Scraped caption text data:
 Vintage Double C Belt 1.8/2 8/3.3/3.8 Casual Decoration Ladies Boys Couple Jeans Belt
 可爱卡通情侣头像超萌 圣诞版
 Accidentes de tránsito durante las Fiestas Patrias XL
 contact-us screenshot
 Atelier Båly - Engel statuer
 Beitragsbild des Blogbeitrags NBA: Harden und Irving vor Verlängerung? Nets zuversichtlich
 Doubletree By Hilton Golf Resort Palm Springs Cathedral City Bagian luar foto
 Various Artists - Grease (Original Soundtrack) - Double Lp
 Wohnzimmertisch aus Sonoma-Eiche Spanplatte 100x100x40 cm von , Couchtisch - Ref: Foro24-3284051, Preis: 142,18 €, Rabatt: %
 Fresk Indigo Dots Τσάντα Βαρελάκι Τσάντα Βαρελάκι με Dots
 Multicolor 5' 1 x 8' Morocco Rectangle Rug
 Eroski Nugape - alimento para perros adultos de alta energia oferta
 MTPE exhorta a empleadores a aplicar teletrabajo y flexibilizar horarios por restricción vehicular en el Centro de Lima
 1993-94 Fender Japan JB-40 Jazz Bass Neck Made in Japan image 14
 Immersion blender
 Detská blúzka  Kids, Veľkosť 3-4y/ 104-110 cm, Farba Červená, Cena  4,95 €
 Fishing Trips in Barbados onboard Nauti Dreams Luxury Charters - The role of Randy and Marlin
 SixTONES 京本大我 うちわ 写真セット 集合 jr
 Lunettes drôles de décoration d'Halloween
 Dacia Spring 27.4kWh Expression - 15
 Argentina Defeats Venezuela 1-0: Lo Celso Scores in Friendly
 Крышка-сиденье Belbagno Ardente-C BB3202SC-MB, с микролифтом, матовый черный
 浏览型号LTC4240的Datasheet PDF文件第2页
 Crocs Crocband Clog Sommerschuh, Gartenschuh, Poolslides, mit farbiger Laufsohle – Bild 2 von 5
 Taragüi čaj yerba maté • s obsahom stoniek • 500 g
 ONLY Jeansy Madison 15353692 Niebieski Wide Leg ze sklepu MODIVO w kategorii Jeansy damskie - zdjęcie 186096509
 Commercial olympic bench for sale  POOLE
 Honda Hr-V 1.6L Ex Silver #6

◆ **The problem**
Locate the line that contains "Lunettes drôles de décoration d'Halloween", then please quote it and every line after it to the end of the entries above, exactly and with nothing else.

◆ **Response**
 Lunettes drôles de décoration d'Halloween
 Dacia Spring 27.4kWh Expression - 15
 Argentina Defeats Venezuela 1-0: Lo Celso Scores in Friendly
 Крышка-сиденье Belbagno Ardente-C BB3202SC-MB, с микролифтом, матовый черный
 浏览型号LTC4240的Datasheet PDF文件第2页
 Crocs Crocband Clog Sommerschuh, Gartenschuh, Poolslides, mit farbiger Laufsohle – Bild 2 von 5
 Taragüi čaj yerba maté • s obsahom stoniek • 500 g
 ONLY Jeansy Madison 15353692 Niebieski Wide Leg ze sklepu MODIVO w kategorii Jeansy damskie - zdjęcie 186096509
 Commercial olympic bench for sale  POOLE
 Honda Hr-V 1.6L Ex Silver #6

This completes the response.